I realize there are some people who can probably take controllers apart in their sleep, but I like to tell myself the PS3 controllers are something not really meant to be taken apart. The end result? I got a drawer with two taken apart controllers and a zip-loc baggy of shoulder buttons and random pieces. Shit.

So yeah Bayonetta will be fun.

Also thanks for the review of that controller ET, when I get a Switch in the year 2026 I'll have to keep that one in mind.


Even my henchmen think I'm crazy.
Only controller troubles I had with first party Nintendo is my old Wii U Pro. Sometimes the left stick would just drift slightly.
Tbh, this is one of the reasons I decided to try a third-party controller. For whatever reason, Nintendo's controllers have had a higher variance of QC these past two gens.
Also thanks for the review of that controller ET, when I get a Switch in the year 2026 I'll have to keep that one in mind.
Slight update on it: the firmware update process is a little finicky.

You have to DL the firmware/installer from their site, then install and extract the files (and they're not entirely clear; on my first attempt, I must have extracted from the wrong folder, because the update didn't work). I had to look at a YouTube tutorial to find the right path.

Then you have to reset the controller (because the updated firmware will skew actions and assign them to the wrong buttons at first). But. There are no instructions included on how to reset your controller. Back to YouTube. L+R+Start+Select reboots the controller. But that also forgets any synch-ing you've done, so you have to re-pair from scratch.

Seamless, it ain't. But the trade-off is fair, since it also means a lot of issues can be remedied via firmware updates.
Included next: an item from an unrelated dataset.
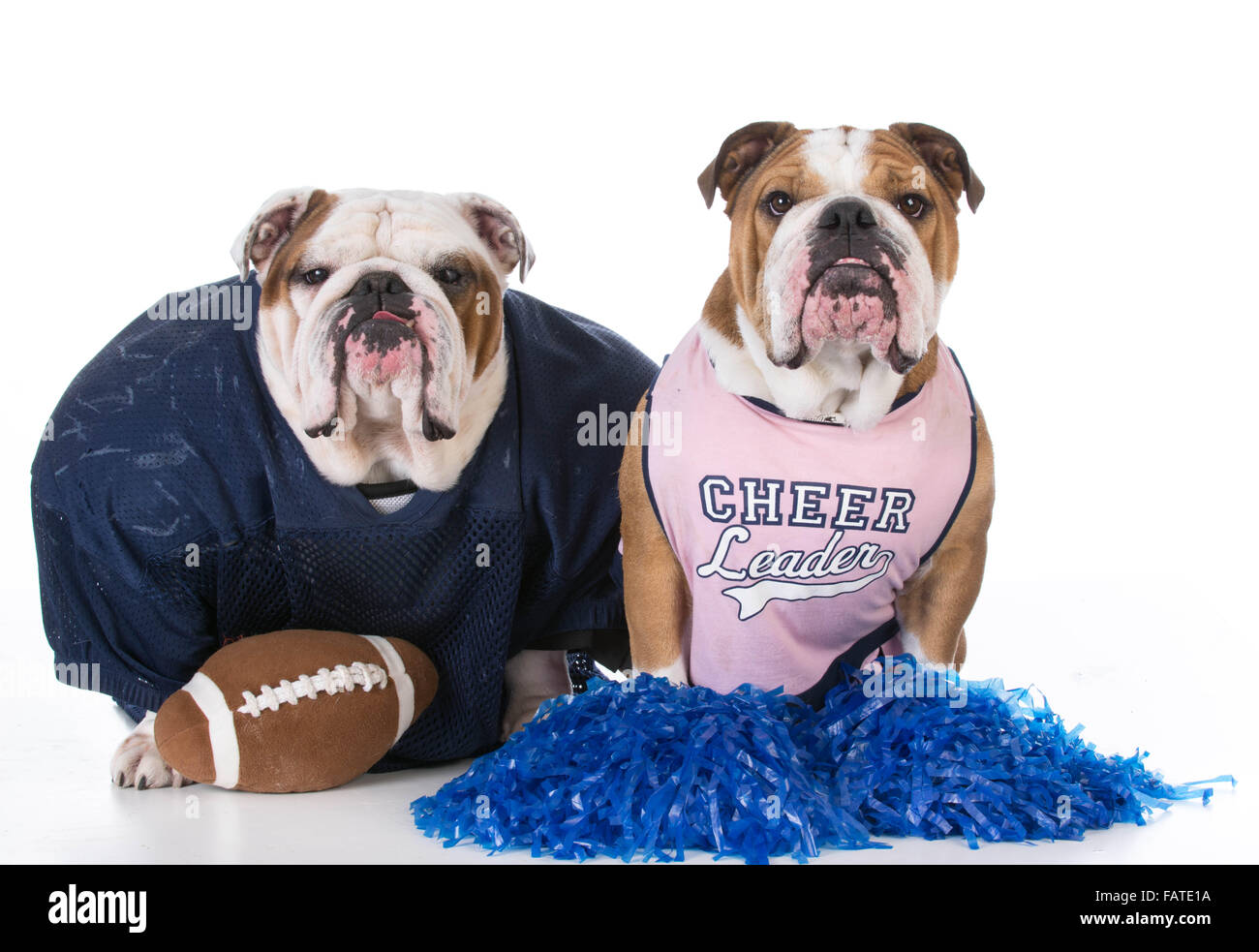 Due cani vestiti come giocatore di football e cheerleader su sfondo bianco Foto Stock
Even my henchmen think I'm crazy.
Battery update. So the 8BitDo is advertised with "16 hours" of battery time. I hadn't charged it since I did the firmware update, and over the last two weeks I played all of Hollow Knight with it, which took 20 hours (and I don't know if that counts my deaths). Plus, I dunno, 4 hours during the last Splatfest? Maybe an hour of NESflix? And I'm pretty sure it wasn't even fully charged after the firmware update.

So that's pretty good. I dunno if the battery life will be as long-term robust as the Joy-cons (which I have run out of juice several times, but it still seems to last about 20 hours after a full charge), but it's good out of the box.

[I'm almost tempted to go buy their wireless adapter. If I found an old Wii U Pro to pair with it for cheap, that could be useful.]